In this study, the genetic variation related to t-PA, u-PA, PAI-1 and AD was used as instrumental variables, and a Mendelian randomization study was conducted by screening the instrumental variables on the basis of the three basic assumptions, which helped avoid the influence of confounding factors and reverse causation. The causal association between t-PA, u-PA, PAI-1 and AD was better evaluated [32]. Secondly, the GWAS data sets on t-PA, u-PA, PAI-1 and AD are all from the largest data studies at present, and the very large sample size is also the advantage of this study.
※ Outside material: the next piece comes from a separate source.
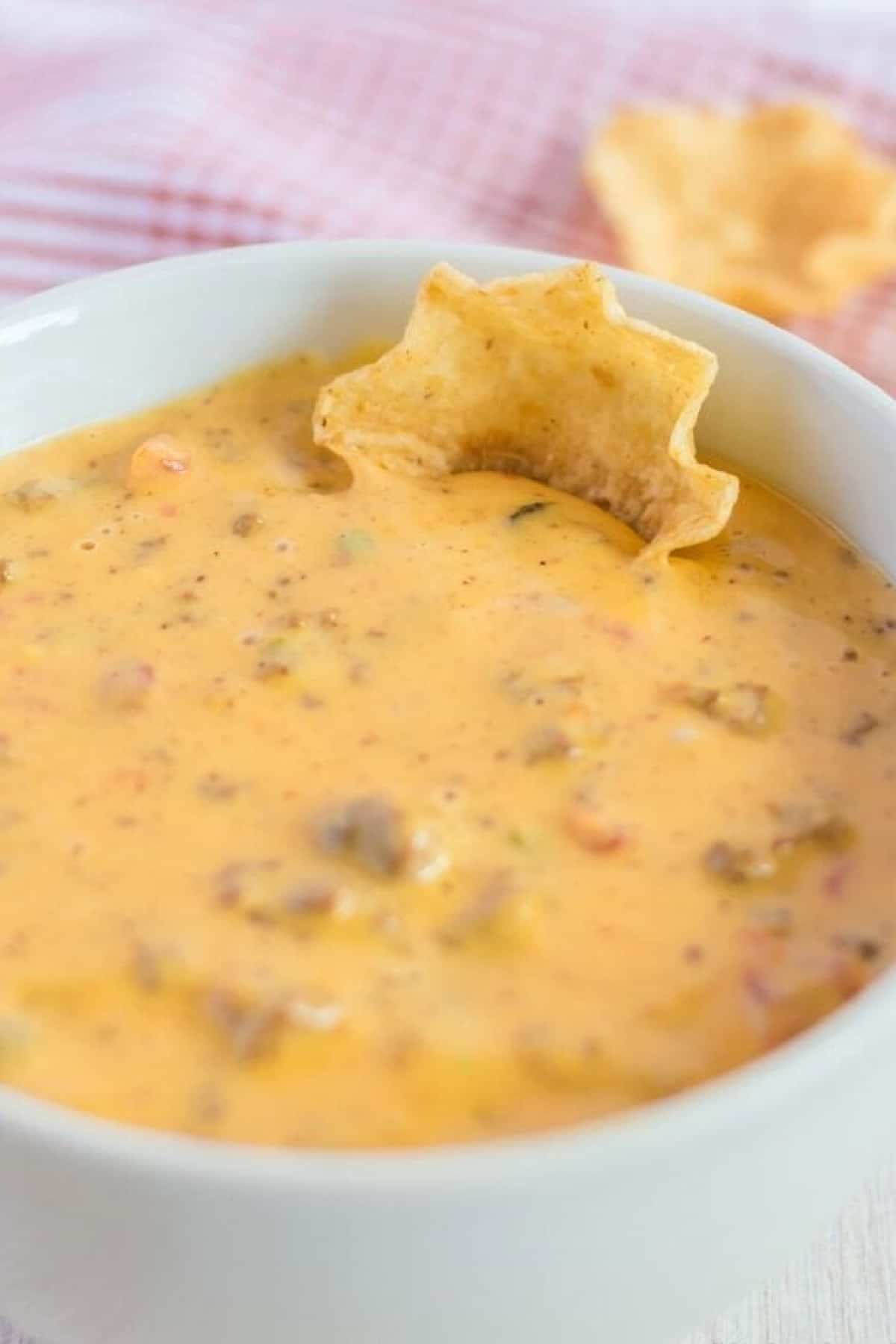 A bowl of hamburger dip with a tortilla chip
Finally, various methods were used to control the quality of the results, including the examination of the horizontal pleiotropy of the MR-Egger intercept, the treatment of weak instrumental variables by MR-RAPS and the analysis of sensitivity by the “leave-one-out” method, all of which ensured the robustness of the results and provided evidential support for the risk identification and prevention of Alzheimer’s disease [33, 34].
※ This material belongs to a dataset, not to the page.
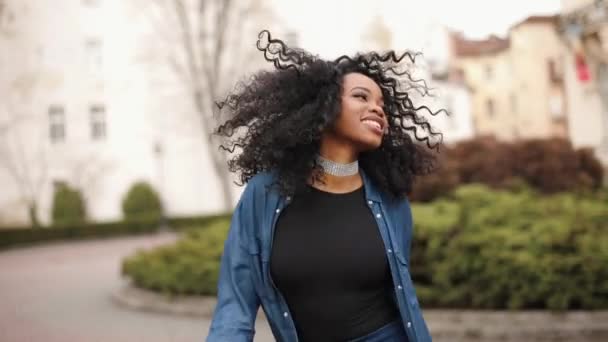 Close-up retrato da jovem menina africana atraente com maquiagem natural e sorriso bonito ativamente dançando e sacudindo seu cabelo encaracolado escuro ao ar livre. — Vídeo de Stock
In addition, it is worth noting that there are some limitations of this study. The biggest concern is the pleiotropy of genetic variation in the innate environment. Pleiotropy can be divided into vertical pleiotropy, which means that SNPs affect one trait (exposure) and then another (outcome), and horizontal pleiotropy, which means that SNPs affect both traits independently. Vertical pleiotropy can be tested by MR analysis, which should avoid horizontal pleiotropy. Because SNPs may affect both traits through independent pathways, it is difficult to demonstrate that vertical pleiotropy due to exposure is not biased. In other words, SNPs as instrumental variables may also influence outcomes in ways we do not yet know. Therefore, the multi-effect problem is tested by the MR-Egger intercept in this study, and the bias caused by it is reduced as much as possible. Secondly, the GWAS data used in this study came from Europe, which may limit the generality of our study to populations in other regions. Whether there is a linear association between PAI-1 and Alzheimer’s disease needs to be further explored, and a possible threshold effect cannot be ruled out.

In conclusion, we explored the potential causal association of plasminogen activators and their inhibitors with AD. Our findings showed that genetically predicted PAI-1 expression was associated with an increased risk of AD. PAI-1 is a valuable marker for the occurrence of AD, which might provide new evidence for clinical intervention of AD.